In our institution, routine follow-up of IDs has not been the practice. However, when the patient has in another location a true sIA that requires radiological follow-up, as a byproduct the concomitant IDs are followed—as in our study cohort. Since our results imply that typical IDs do not progress, the rational indication for radiological follow-up of IDs would be only to confirm that the followed lesion truly is an ID in an unclear situation. In such a case, however, a higher resolution imaging could give the diagnostic clarity faster, and avoid the subsequent psychological load imposed on the patient by the uncertainty of having a potentially growing aneurysmatic lesion. It seems that only typical cone-shaped IDs should be considered as IDs. When the dilation does not have a vessel arising from the tip of the fundus, or when it does not fulfill other criteria of a typical ID or has aneurysm-like features, more detailed imaging studies or image follow-up are warranted. Since our study includes only 9 preaneurysmal lesions resembling ID, out of which only one turned unstable, the precise growth rate of these lesions remains uncertain. We suggest that the first follow-up study of preaneurysmal lesion should be performed 1 year after the initial imaging study. If the lesion has remained stable, another imaging study should be performed two years after the previous one.

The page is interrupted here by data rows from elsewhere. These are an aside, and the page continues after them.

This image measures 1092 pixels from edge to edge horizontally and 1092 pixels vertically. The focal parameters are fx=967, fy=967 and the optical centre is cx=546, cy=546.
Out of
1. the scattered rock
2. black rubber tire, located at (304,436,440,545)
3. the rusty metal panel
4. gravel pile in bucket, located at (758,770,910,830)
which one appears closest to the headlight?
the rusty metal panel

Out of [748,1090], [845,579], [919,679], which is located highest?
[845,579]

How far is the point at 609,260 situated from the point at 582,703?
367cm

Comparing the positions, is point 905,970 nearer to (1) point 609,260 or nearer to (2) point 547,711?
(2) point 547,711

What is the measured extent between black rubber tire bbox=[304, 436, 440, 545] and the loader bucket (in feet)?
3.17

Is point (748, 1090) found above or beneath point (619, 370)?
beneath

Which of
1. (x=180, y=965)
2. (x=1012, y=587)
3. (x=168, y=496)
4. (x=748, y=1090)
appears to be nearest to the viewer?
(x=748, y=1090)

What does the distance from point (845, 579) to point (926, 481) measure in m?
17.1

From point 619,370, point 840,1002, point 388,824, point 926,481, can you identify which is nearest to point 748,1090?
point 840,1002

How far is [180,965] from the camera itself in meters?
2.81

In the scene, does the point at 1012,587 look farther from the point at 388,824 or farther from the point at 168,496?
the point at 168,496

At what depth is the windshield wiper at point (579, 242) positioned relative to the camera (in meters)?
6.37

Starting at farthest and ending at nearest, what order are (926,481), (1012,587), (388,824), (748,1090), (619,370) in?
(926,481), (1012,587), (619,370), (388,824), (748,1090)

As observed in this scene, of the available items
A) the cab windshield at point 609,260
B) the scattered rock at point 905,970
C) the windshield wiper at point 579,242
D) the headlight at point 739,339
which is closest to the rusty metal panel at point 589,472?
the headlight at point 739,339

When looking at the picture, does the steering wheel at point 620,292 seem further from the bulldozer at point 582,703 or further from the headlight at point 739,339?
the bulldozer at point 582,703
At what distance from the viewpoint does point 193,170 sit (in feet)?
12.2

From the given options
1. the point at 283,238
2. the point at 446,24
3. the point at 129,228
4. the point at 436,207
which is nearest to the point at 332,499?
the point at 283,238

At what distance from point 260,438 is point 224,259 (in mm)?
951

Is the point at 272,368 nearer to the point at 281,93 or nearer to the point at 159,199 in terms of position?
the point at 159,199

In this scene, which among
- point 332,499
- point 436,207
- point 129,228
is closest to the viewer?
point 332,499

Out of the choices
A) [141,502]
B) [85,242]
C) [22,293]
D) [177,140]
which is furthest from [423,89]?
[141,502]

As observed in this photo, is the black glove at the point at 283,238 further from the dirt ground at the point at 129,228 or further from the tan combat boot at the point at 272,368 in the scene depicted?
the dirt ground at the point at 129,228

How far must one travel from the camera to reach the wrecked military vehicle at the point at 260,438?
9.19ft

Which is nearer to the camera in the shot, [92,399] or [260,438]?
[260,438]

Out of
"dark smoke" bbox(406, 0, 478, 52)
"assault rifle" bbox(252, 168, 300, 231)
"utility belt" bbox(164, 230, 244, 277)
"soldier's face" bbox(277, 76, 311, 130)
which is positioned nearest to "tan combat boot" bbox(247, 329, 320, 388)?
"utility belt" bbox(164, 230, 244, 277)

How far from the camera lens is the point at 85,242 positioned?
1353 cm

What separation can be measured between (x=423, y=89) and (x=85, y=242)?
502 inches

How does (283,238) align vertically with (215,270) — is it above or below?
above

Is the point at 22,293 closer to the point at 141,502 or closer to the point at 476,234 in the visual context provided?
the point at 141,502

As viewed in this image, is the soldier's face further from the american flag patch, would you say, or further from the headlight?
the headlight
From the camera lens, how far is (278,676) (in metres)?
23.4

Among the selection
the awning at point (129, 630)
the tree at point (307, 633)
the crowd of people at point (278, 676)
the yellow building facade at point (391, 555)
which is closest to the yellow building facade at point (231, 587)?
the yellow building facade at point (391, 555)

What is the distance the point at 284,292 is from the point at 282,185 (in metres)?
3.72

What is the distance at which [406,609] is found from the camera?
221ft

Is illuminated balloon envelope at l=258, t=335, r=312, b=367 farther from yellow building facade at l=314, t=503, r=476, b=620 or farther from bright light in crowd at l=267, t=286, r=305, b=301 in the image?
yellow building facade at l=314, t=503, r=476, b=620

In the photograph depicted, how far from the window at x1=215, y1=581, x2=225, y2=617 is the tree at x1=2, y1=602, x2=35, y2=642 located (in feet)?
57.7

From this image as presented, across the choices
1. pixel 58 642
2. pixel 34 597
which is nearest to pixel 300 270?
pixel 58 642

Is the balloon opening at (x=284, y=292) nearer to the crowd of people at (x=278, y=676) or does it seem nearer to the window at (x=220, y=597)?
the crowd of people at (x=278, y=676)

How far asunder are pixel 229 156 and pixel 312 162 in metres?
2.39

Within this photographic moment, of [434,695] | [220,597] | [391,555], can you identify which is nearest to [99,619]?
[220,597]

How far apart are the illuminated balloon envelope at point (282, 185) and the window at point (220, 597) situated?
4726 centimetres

Since IDs seem to be anatomical variants that arise during the genesis of vasculature, we do not think that IDs in children and adults should behave differently. Thus, we do not recommend follow-up for typical cone-shaped IDs in children. However, if it is uncertain whether a radiological change is ID or preaneurysmal lesion, we recommend a similar follow-up as described for adults.
Strengths and limitations
To the best of our knowledge, this is the first large-scale follow-up study of infundibular dilatations in the adult population. Furthermore, this study specifically concentrates on patients affected by aneurysms. This emphasis has particular significance due to emerging concerns about whether IDs could potentially be precursors of aneurysms and should they be treated.
This study had some limitations. Firstly, the imaging follow-up was short for some of the IDs. We chose to include all IDs with follow-up of over 3 months, as the knowledge of the clinical course of IDs is very scarce. However, even though the imaging follow-up is short for some IDs, none of them ruptured and therefore were not referred to TAUH at the time of the data collection (8/2023). Despite the short follow-up time in some patients, we had several patients followed for longer periods (Table 1).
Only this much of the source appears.